**INFORMATION SHOWN:**
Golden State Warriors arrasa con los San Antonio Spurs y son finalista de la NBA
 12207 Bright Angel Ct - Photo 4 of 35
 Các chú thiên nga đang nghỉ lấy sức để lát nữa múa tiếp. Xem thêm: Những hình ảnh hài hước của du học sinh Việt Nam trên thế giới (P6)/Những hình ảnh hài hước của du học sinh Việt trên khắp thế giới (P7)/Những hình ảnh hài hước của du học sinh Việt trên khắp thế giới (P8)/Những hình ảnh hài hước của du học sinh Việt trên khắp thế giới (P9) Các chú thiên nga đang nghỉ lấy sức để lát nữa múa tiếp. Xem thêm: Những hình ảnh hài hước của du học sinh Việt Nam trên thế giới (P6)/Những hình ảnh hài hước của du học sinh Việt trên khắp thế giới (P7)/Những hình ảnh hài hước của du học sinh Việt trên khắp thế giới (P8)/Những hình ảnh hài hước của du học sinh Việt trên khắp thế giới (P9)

**TASK STATEMENT:**
After reading the listing, write out every line of it exactly.

**WRITTEN REPLY:**
Golden State Warriors arrasa con los San Antonio Spurs y son finalista de la NBA
 12207 Bright Angel Ct - Photo 4 of 35
 Các chú thiên nga đang nghỉ lấy sức để lát nữa múa tiếp. Xem thêm: Những hình ảnh hài hước của du học sinh Việt Nam trên thế giới (P6)/Những hình ảnh hài hước của du học sinh Việt trên khắp thế giới (P7)/Những hình ảnh hài hước của du học sinh Việt trên khắp thế giới (P8)/Những hình ảnh hài hước của du học sinh Việt trên khắp thế giới (P9) Các chú thiên nga đang nghỉ lấy sức để lát nữa múa tiếp. Xem thêm: Những hình ảnh hài hước của du học sinh Việt Nam trên thế giới (P6)/Những hình ảnh hài hước của du học sinh Việt trên khắp thế giới (P7)/Những hình ảnh hài hước của du học sinh Việt trên khắp thế giới (P8)/Những hình ảnh hài hước của du học sinh Việt trên khắp thế giới (P9)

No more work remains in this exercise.